По всей вероятности, ему хочется развеять эти сомнения или утвердиться в них окончательно. Он кое-где читает свою многострадальную пьесу. Читает в какой-то квартире, обставленной восточными древностями, компании молодых драматургов, которые увлеченно корпят над агитками и лубками на темы строительства и Гражданской войны. Молодые драматурги вперяют в нервного, беспокойного автора выжидающие и суровые взоры, под которыми он поеживается слегка, так что у него все точно замирает внутри и он слишком долго разглаживает похолодевшей ладонью тетрадь.

Равнодушные, равнодушные лица. От смущения Михаил Афанасьевич для какого-то дьявола пускается изъяснять, как эта пьеса писалась, чуть ли не о волшебной коробочке на столе. Тишина становится напряженной. Он спохватывается, начинает читать. Его голос с каждой фразой твердеет, наконец становится похож на металл.

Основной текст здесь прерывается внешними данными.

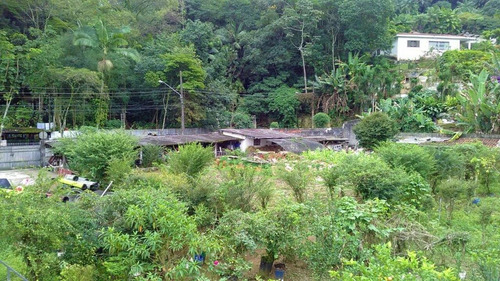 Imagem 3 de 17 de Chácara Residencial À Venda, Horto Florestal, São Paulo. - Ch0006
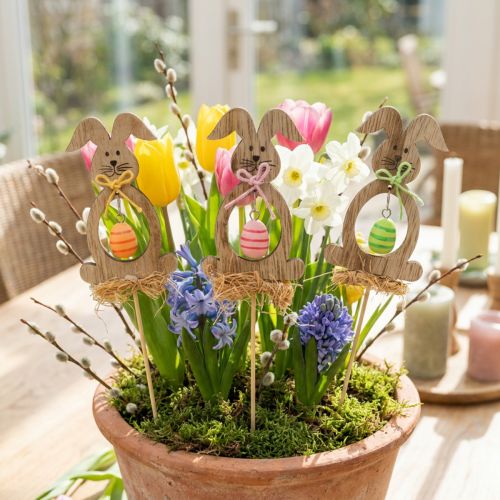 Easter bunny wood, flower plugs Easter, bunny plugs 8.5cm 12pcs | Floristik24.co.uk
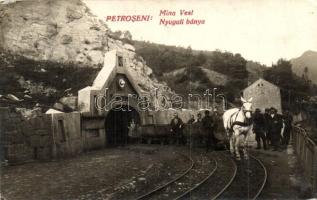 Petrozsény, Petrosani; Nyugati bánya / MIna Vest / western mine (EK)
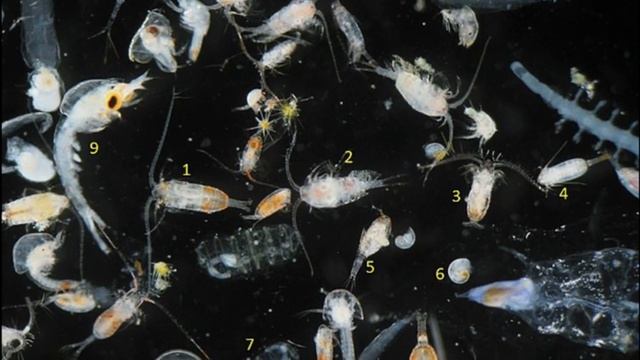 Facts: The Deep-Sea Crown Jellyfish (Atolla) смотреть онлайн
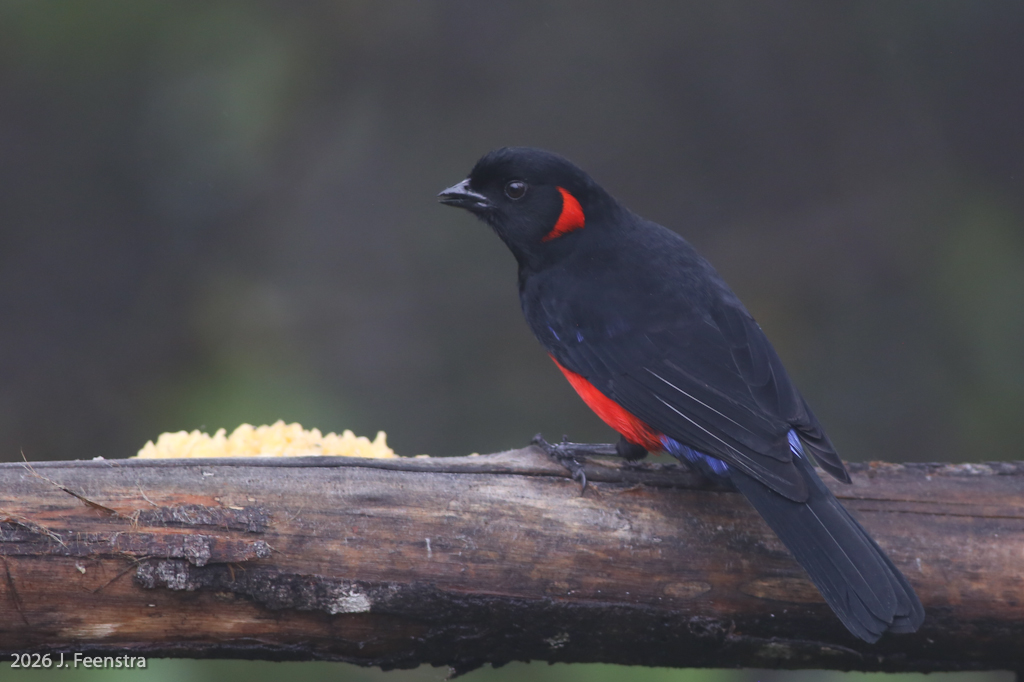 Scarlet-bellied Mountain-Tanager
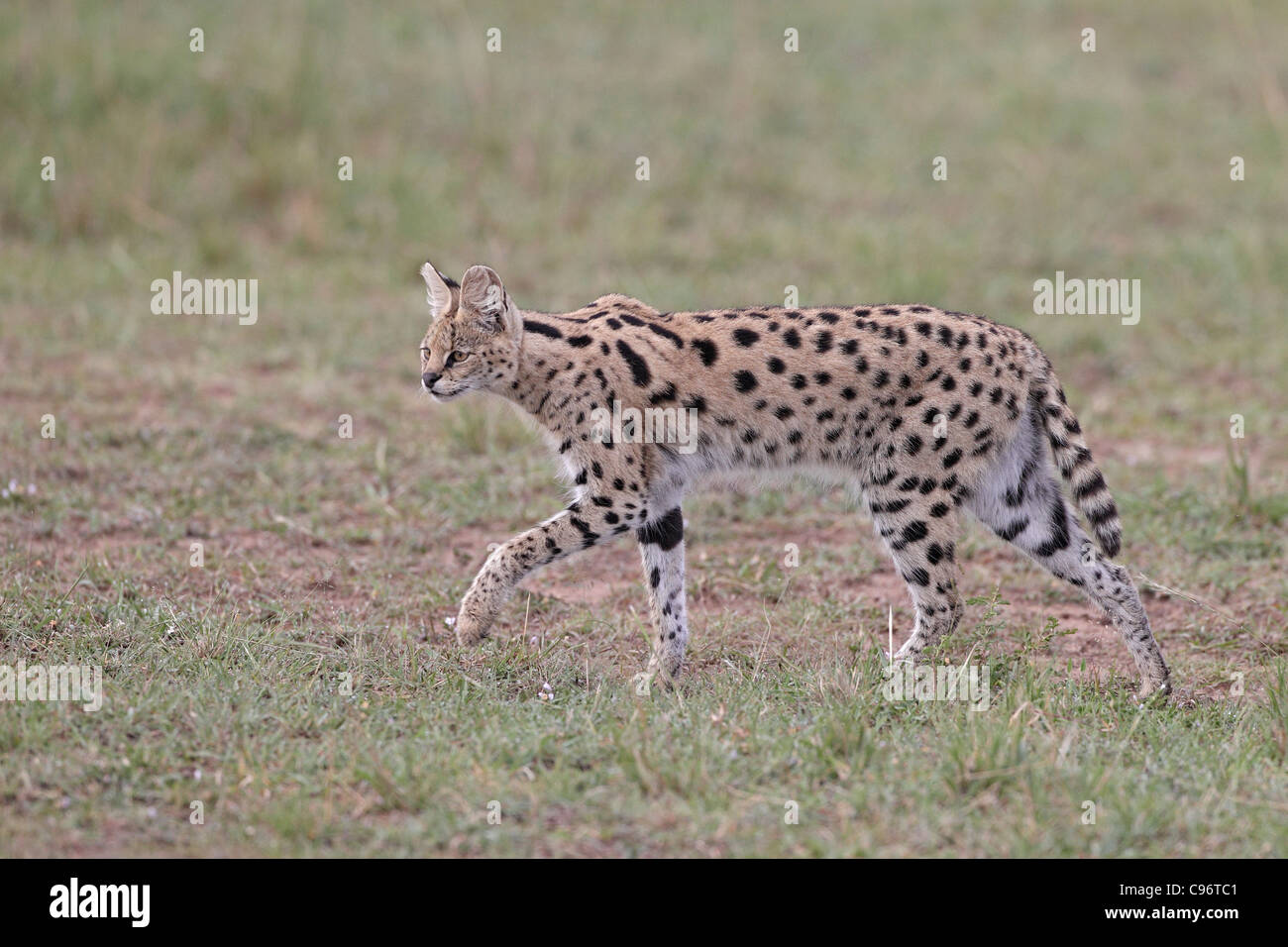 Serval marche dans le Masai Mara Banque D'Images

Кончает читать. Глядит исподлобья. Видит: пьеса в общем понравилась. Однако приговор молодых драматургов, мыслящих лозунгами великой эпохи, довольно суров и странным образом напоминает вежливые суждения мхатовцев. Один из них, позднее гремевший на московской столичной и на многих провинциальных сценах рвущейся в новую эру страны, еще позднее напрочь забытый за свои малопочтенные подвиги, подводит не совсем лестный итог:

«Тогда пьеса была гораздо больше размером, громоздкой и композиционно несколько неуклюжей. Действие происходило на двух этажах, в двух разных квартирах. Персонажи соединялись, разъединялись, опять соединялись, и это создавало калейдоскопическую суматоху. Но роли были выписаны великолепно!..»

Другими словами, новаторство всегда не в чести, и ему бы попросту плюнуть на всю эту дичь, однако же он, хотя временами и чует в себе громадный талант, по-прежнему ужасно не уверен в себе, прислушивается, колеблется, размышляет, приходит наконец к заключению, что с пьесой все-таки надо что-нибудь сделать.

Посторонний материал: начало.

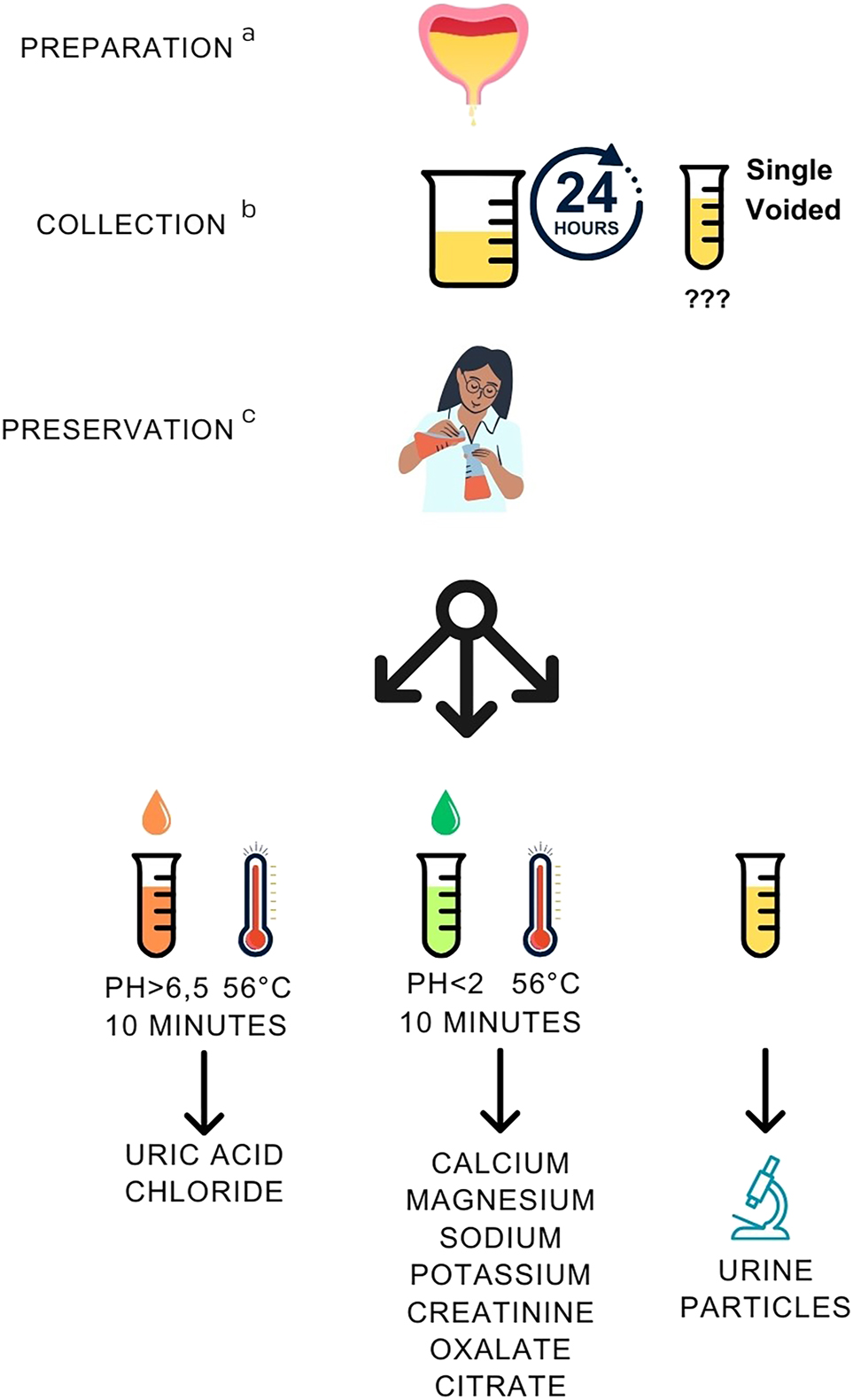 Figure 5: 
Recommendations for patient preparation, collection, and preservation of urine specimens for measuring metabolites associated with urinary stones. aPreparation: collection with increased diuresis up to 2.5 L/day; no vitamin C intake. Preparation applies to follow-up measurements only; regular diuresis and diet are recommended for primary diagnostics to document the stone-forming tendency. bCollection: 24 h collection (reference); single-voided urine (follow-up, selected cases). cPreservation: after measuring pH, divide the sample into 1–3 aliquots for different metabolites and preservatives, guided by the type of urinary stone. Measurement at pH >6.5 is needed for uric acid (precipitates in acidic pH) and chloride (HCl used for acidification interferes with original concentration).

Прежде всего, он проделывает самую обыкновенную вещь, которую давным-давно пора было проделать: прочитывает всю пьесу с часами в руке. Шестнадцать картин читаются три часа, кажется, еще с небольшим. Это открытие его доводит до паники, поскольку ни один театр в мире, об этом-то он знает отлично, не рискнет на такой длиннейший спектакль и ни один, даже самый пламенный зритель не досидит до конца, страшась опоздать на последний трамвай.

К тому же, едва первая волна паники начинает спадать, ему приходит на ум, что в каждом приличном спектакле еще имеются паузы, когда актеры молчат и таким нехитрым приемом значительно углубляют впечатление зрителя, а с паузами его пьесе не уложиться и в четыре часа.

Тут вторая волна паники захлестывает его. Он принимается в холодном отчаянье думать, что пьесу волей-неволей придется значительно сократить, даже если бы театр не потребовал больше никаких перемен.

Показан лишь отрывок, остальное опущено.